Hairdos now in Indonesia Muslim clerics` crosshairs

To straighten or not to straighten? Women's hair styles have become a hot topic for Indonesia's Muslims after calls from some Islamic clerics to have the procedure banned on the grounds it invites moral danger.


Indonesia is a majority Muslim but officially secular country known for its moderate form of Islam.

Islamic edicts have no binding legal power, but that has not stopped the Indonesian Council of Ulama, which consists of elected clerics and scholars, from issuing fatwas on practices ranging from yoga to failing to vote in elections.

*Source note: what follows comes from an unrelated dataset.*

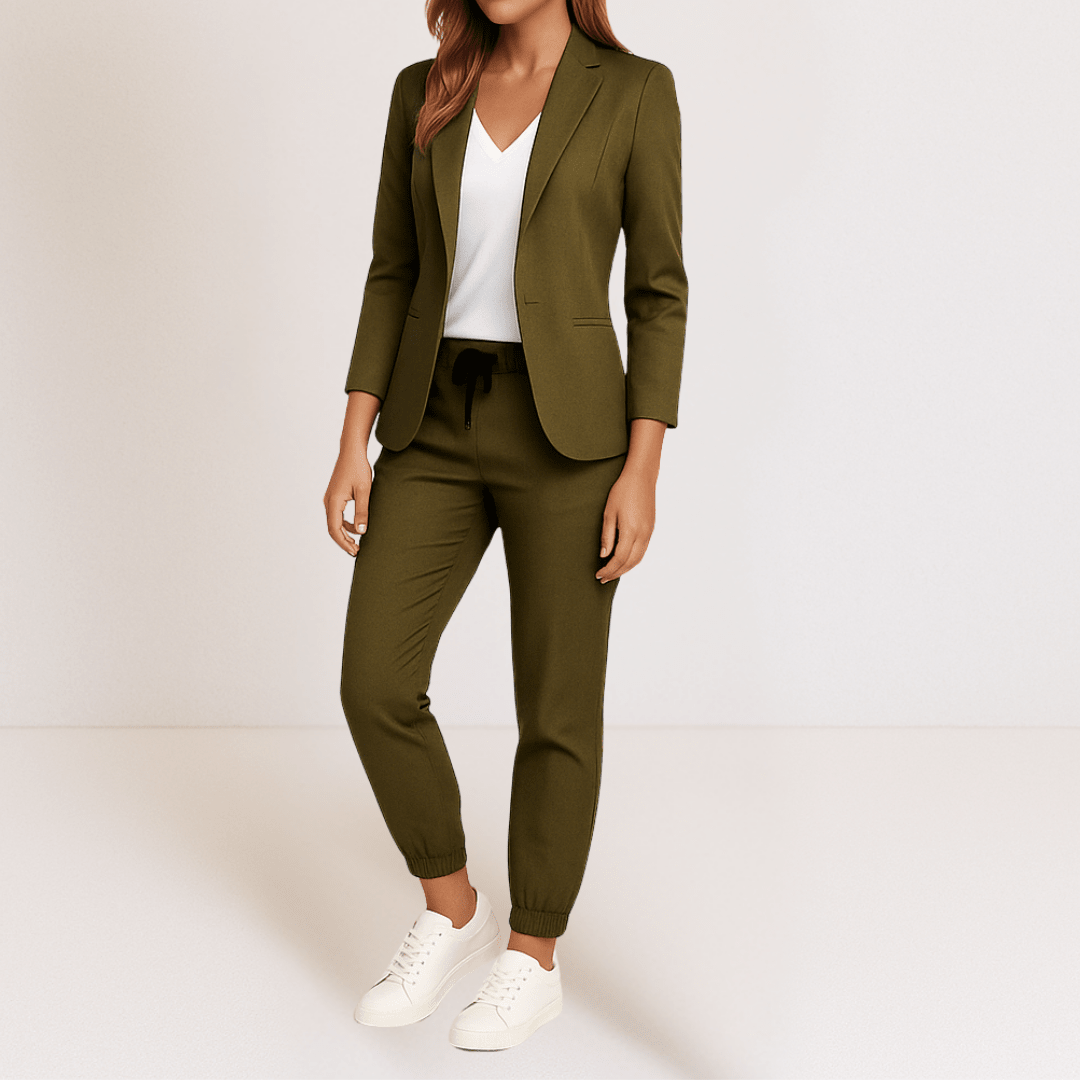 MILEY | Two-piece suit with tailored trousers - Liora Melbourne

On Wednesday 20 January, the council's Fatwa Commission said it had received a request from a group of clerics linked to a girls boarding school in East Java to issue a fatwa banning chemical hair straightening, a type of perm treatment known in Indonesia as rebonding.

The deputy secretary of the Fatwa Commission, Aminudin Yakub, said on Wednesday 20 January that the East Java Forum Musyawarah Pondok Pesantren Putri had requested a formal edict declaring rebonding a breach of Islamic law "except for women who are married and have the permission of their husband."

The boarding school clerics had also asked for a fatwa banning dreadlocks, punk do's and "funky hairstyles" he said.

"For now, we are yet to make an institutional decision on this. So far, we have not seen strong evidence to ban it," he said. "It could be discussed in future but right now it is not a priority."

Hair salons in downtown Jakarta were bustling with young Muslim women, bemused by the sudden interest in their hair.

Eryanti, 21, a Jakarta-based accountant who is Muslim and has had her hair straightened four times, said she had no intention of stopping.

"I like my hair to look this way and if I stop, it will go back to the way it was before," said Eryanti, who, like many Indonesians, has only one name.

"It looks better and it is easier to brush."

AD Kusumaningtyas, a spokeswoman from the Islamic women's rights group Rahima, said women's hairstyle preferences could be the topic of discussion but were ultimately an individual choice.

"We don't need to [proscribe] everything as haram or not. Some injustices such as polygamy and female genital mutilation are more important" than rebonding, she said.